- _TASK DIRECTIONS_
Wherever an image appears in the data, omit it and copy all the remaining text word for word.

(Caption-style text data)
⟨

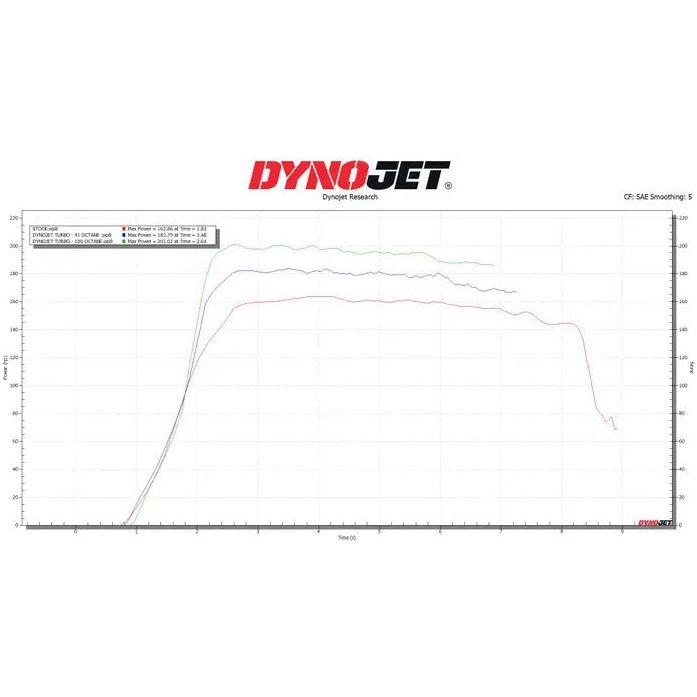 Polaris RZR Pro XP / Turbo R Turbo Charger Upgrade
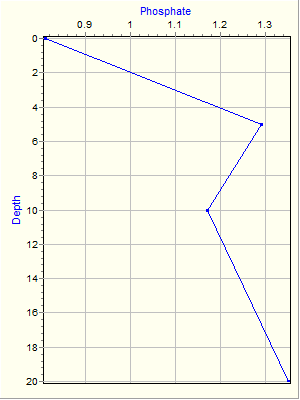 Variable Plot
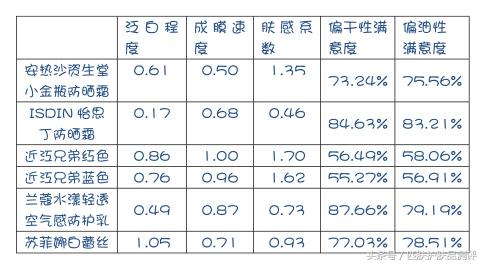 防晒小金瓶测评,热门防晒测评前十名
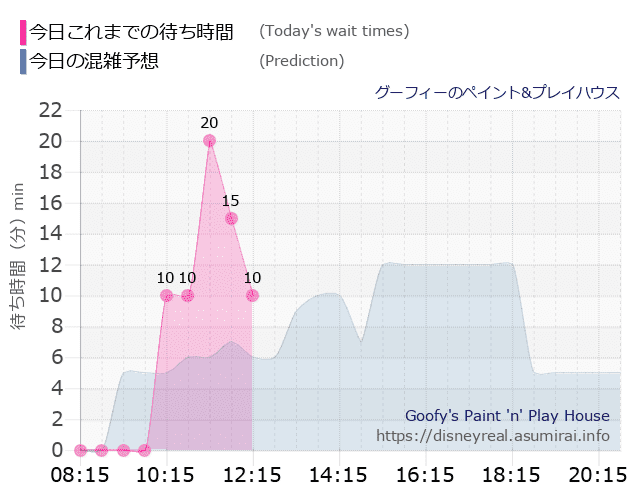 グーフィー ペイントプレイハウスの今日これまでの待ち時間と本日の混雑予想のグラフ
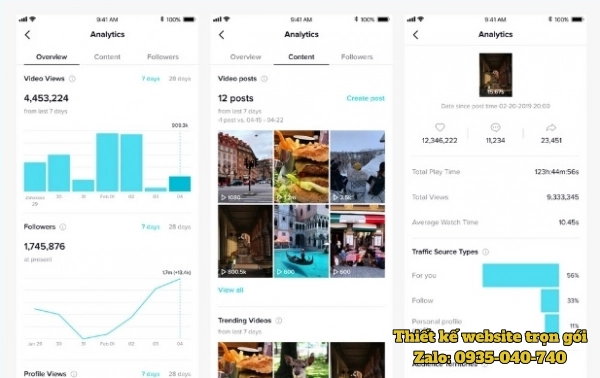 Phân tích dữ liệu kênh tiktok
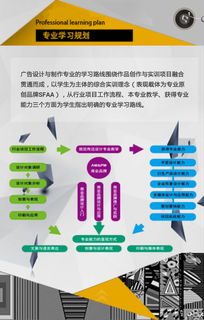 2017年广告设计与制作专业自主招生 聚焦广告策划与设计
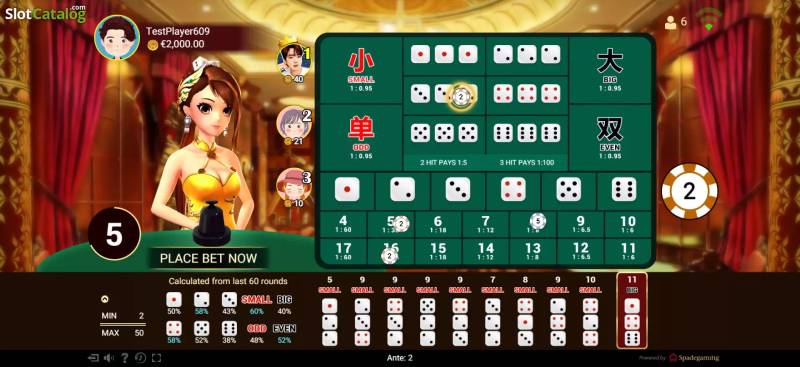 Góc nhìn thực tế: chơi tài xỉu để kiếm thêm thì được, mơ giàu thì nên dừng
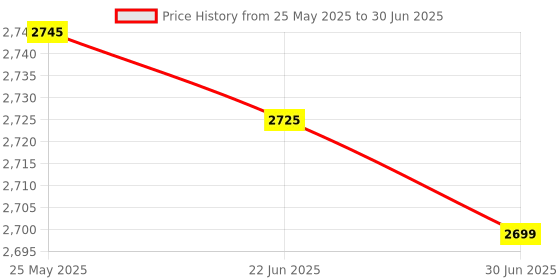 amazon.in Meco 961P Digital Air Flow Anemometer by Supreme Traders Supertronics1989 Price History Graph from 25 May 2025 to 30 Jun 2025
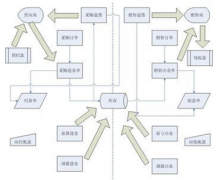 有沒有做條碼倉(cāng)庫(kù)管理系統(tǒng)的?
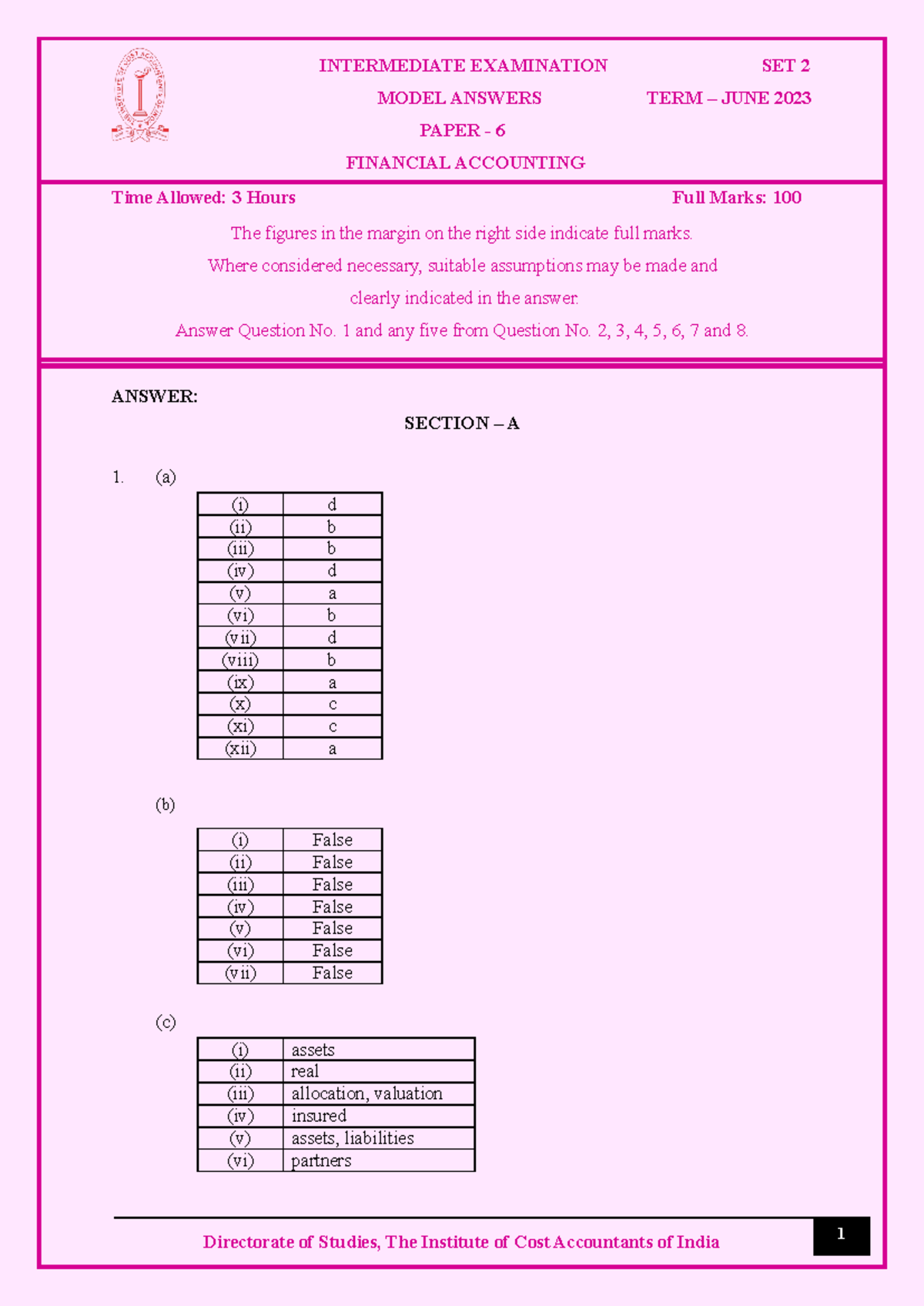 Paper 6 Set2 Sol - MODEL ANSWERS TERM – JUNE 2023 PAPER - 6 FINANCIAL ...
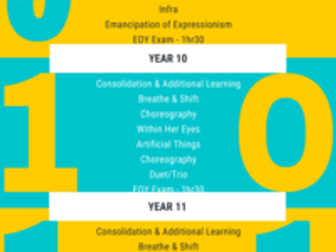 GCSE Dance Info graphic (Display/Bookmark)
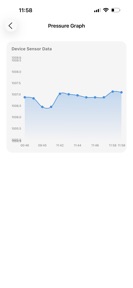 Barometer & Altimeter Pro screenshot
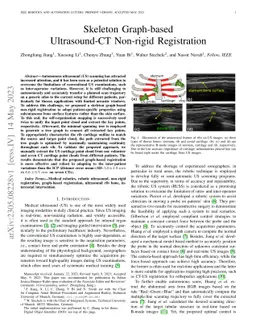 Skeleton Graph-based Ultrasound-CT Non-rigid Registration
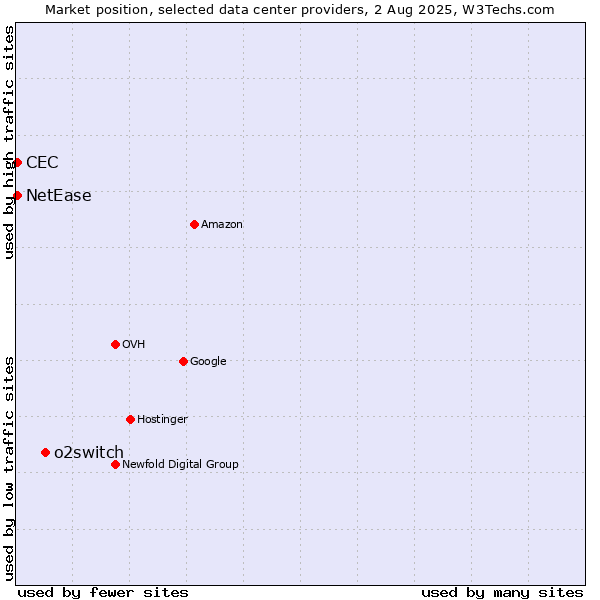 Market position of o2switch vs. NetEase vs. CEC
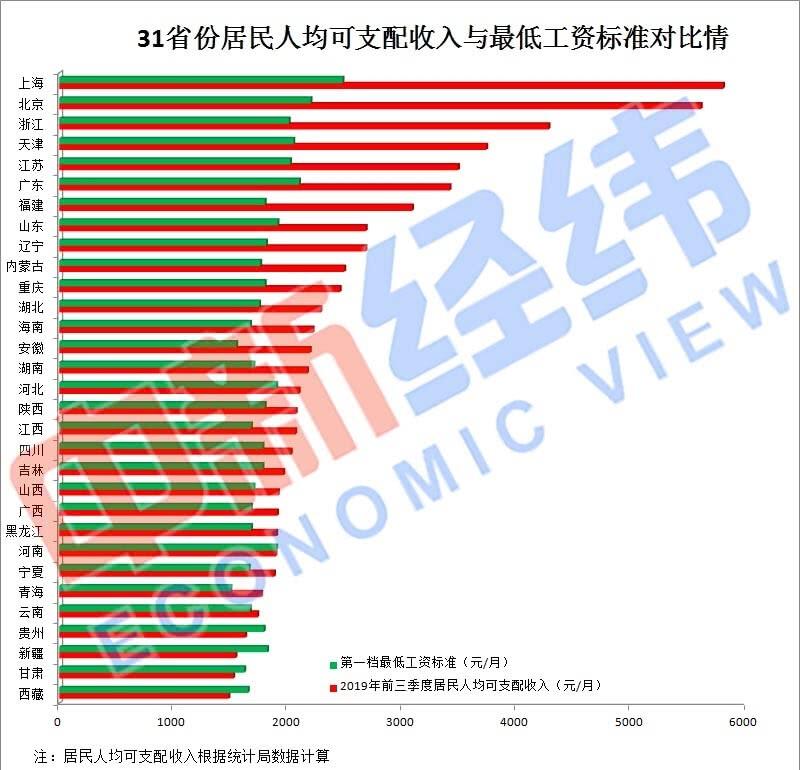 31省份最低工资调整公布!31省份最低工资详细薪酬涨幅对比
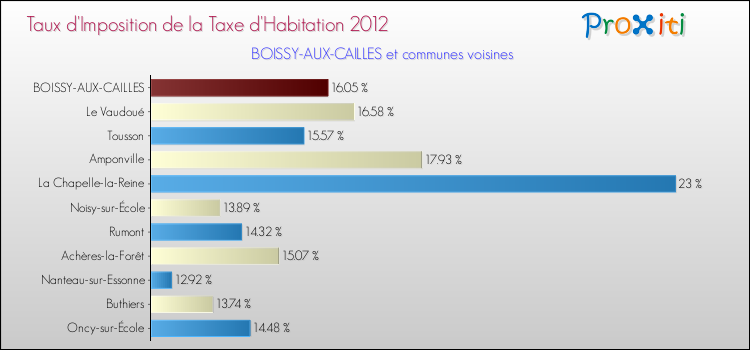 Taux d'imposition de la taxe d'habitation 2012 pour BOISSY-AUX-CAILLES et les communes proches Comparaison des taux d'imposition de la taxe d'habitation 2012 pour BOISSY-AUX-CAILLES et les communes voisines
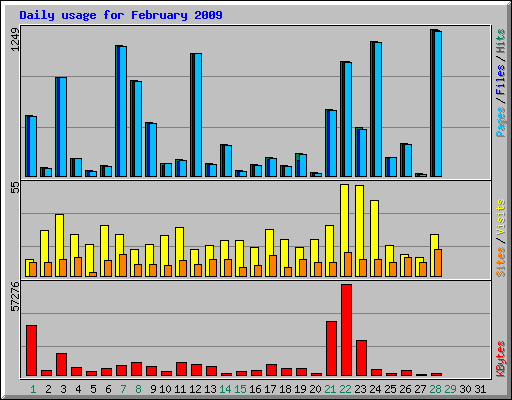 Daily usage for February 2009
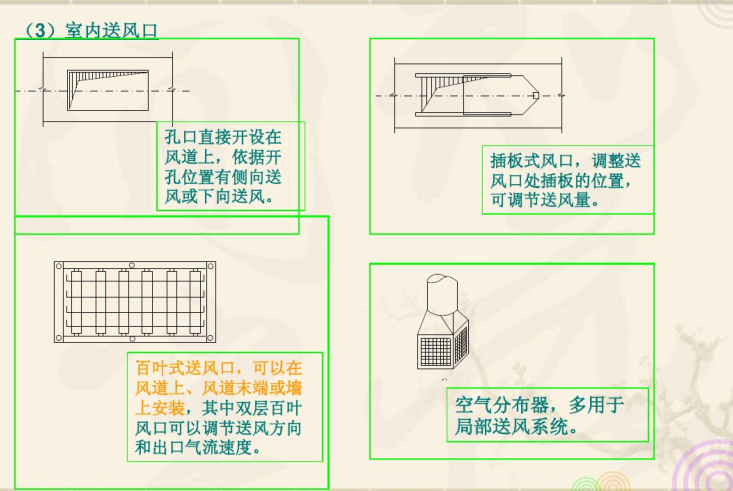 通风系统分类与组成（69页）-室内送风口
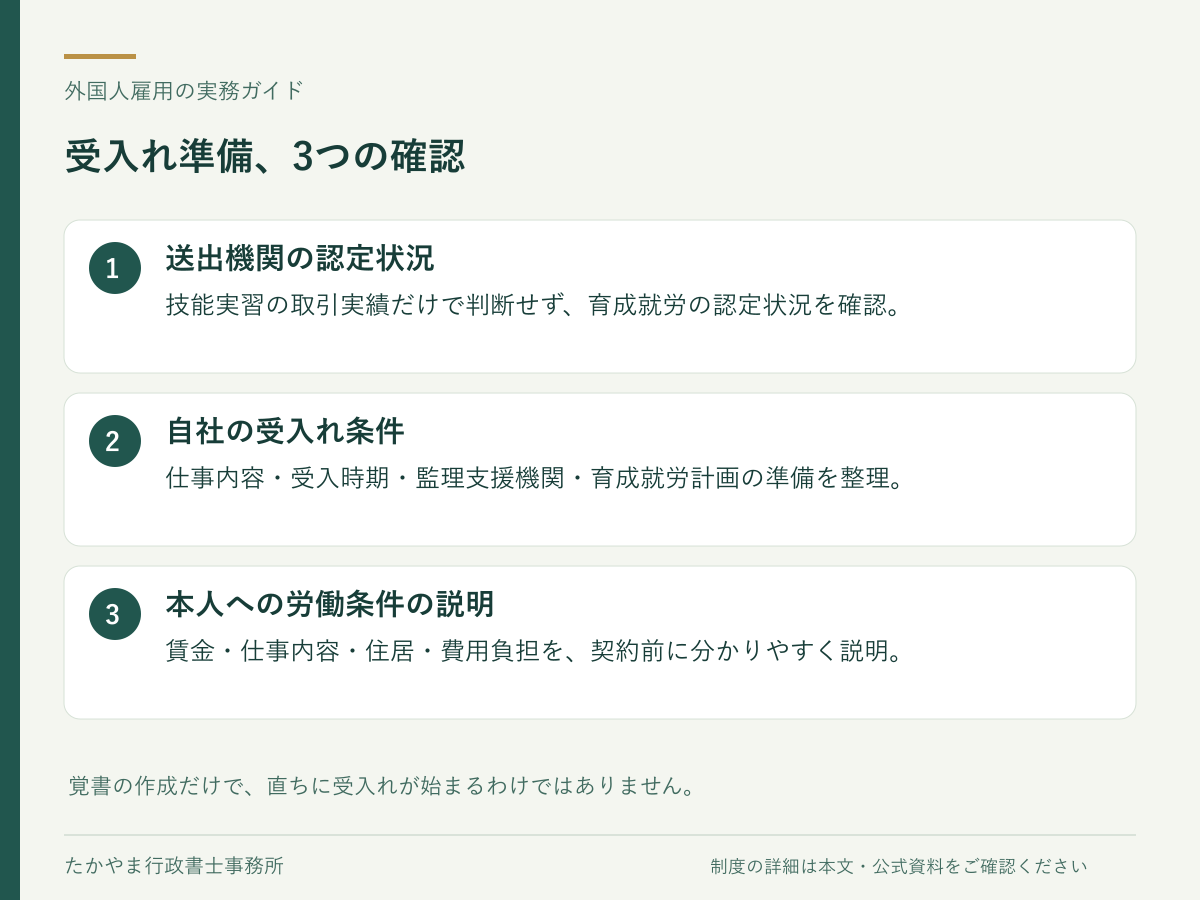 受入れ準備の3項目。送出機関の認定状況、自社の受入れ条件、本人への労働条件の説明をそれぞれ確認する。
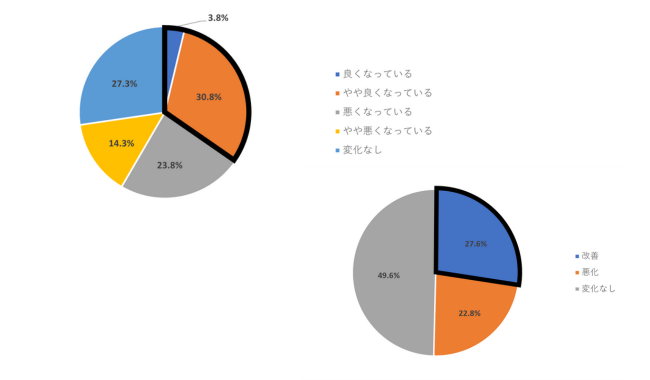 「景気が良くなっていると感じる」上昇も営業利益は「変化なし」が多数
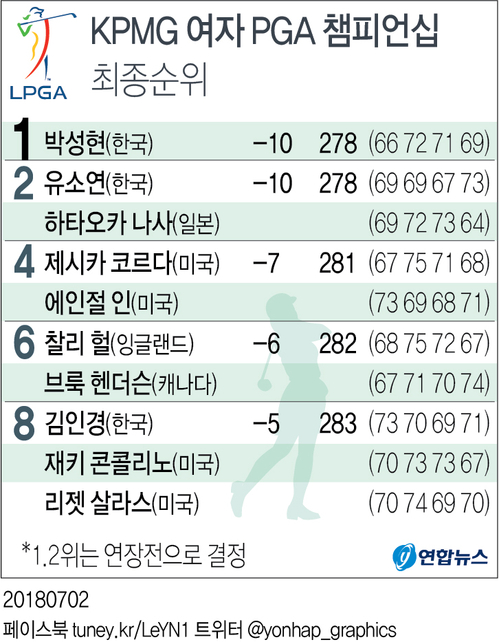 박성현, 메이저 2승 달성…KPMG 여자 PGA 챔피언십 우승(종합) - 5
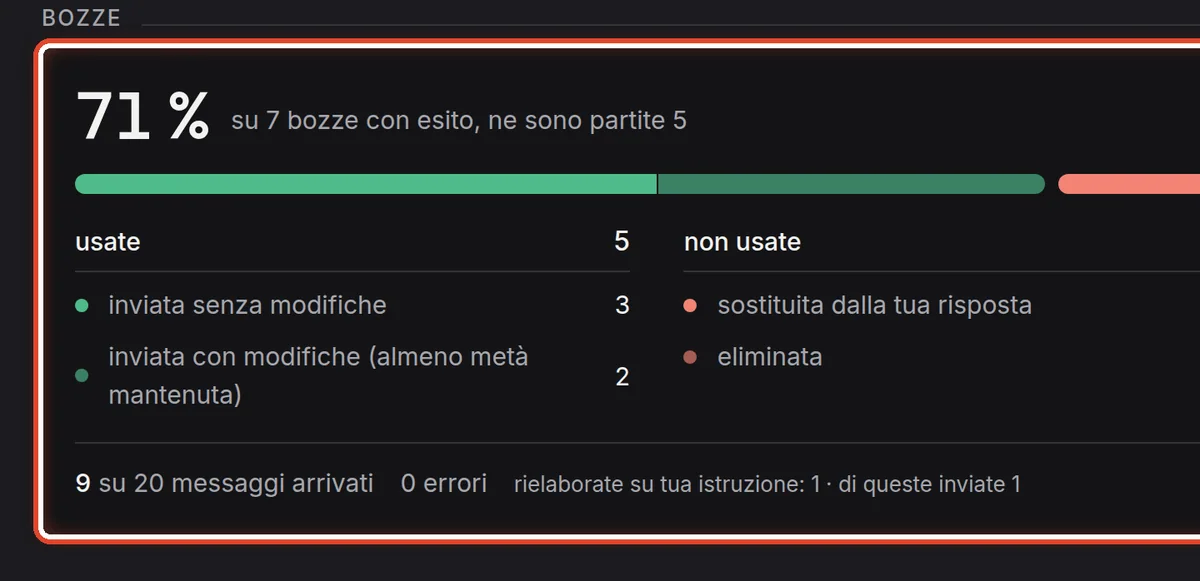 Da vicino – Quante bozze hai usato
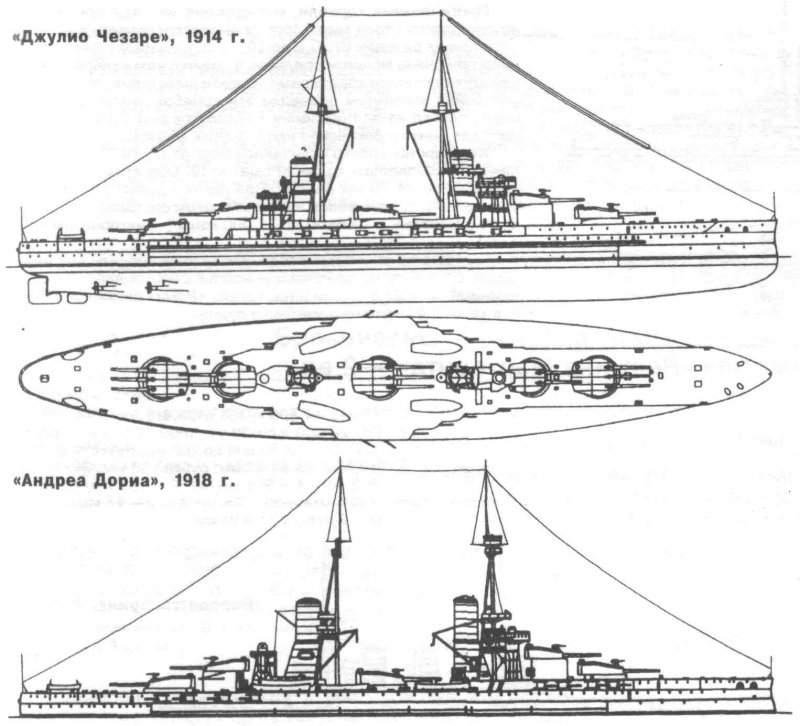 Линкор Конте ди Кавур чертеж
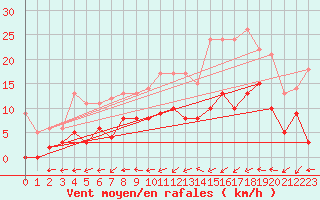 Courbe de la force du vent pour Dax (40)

⟩

- _TASK RESULT_
 Polaris RZR Pro XP / Turbo R Turbo Charger Upgrade
 Variable Plot
 防晒小金瓶测评,热门防晒测评前十名
 グーフィー ペイントプレイハウスの今日これまでの待ち時間と本日の混雑予想のグラフ
 Phân tích dữ liệu kênh tiktok
 2017年广告设计与制作专业自主招生 聚焦广告策划与设计
 Góc nhìn thực tế: chơi tài xỉu để kiếm thêm thì được, mơ giàu thì nên dừng
 amazon.in Meco 961P Digital Air Flow Anemometer by Supreme Traders Supertronics1989 Price History Graph from 25 May 2025 to 30 Jun 2025
 有沒有做條碼倉(cāng)庫(kù)管理系統(tǒng)的?
 Paper 6 Set2 Sol - MODEL ANSWERS TERM – JUNE 2023 PAPER - 6 FINANCIAL ...
 GCSE Dance Info graphic (Display/Bookmark)
 Barometer & Altimeter Pro screenshot
 Skeleton Graph-based Ultrasound-CT Non-rigid Registration
 Market position of o2switch vs. NetEase vs. CEC
 31省份最低工资调整公布!31省份最低工资详细薪酬涨幅对比
 Taux d'imposition de la taxe d'habitation 2012 pour BOISSY-AUX-CAILLES et les communes proches Comparaison des taux d'imposition de la taxe d'habitation 2012 pour BOISSY-AUX-CAILLES et les communes voisines
 Daily usage for February 2009
 通风系统分类与组成（69页）-室内送风口
 受入れ準備の3項目。送出機関の認定状況、自社の受入れ条件、本人への労働条件の説明をそれぞれ確認する。
 「景気が良くなっていると感じる」上昇も営業利益は「変化なし」が多数
 박성현, 메이저 2승 달성…KPMG 여자 PGA 챔피언십 우승(종합) - 5
 Da vicino – Quante bozze hai usato
 Линкор Конте ди Кавур чертеж
 Courbe de la force du vent pour Dax (40)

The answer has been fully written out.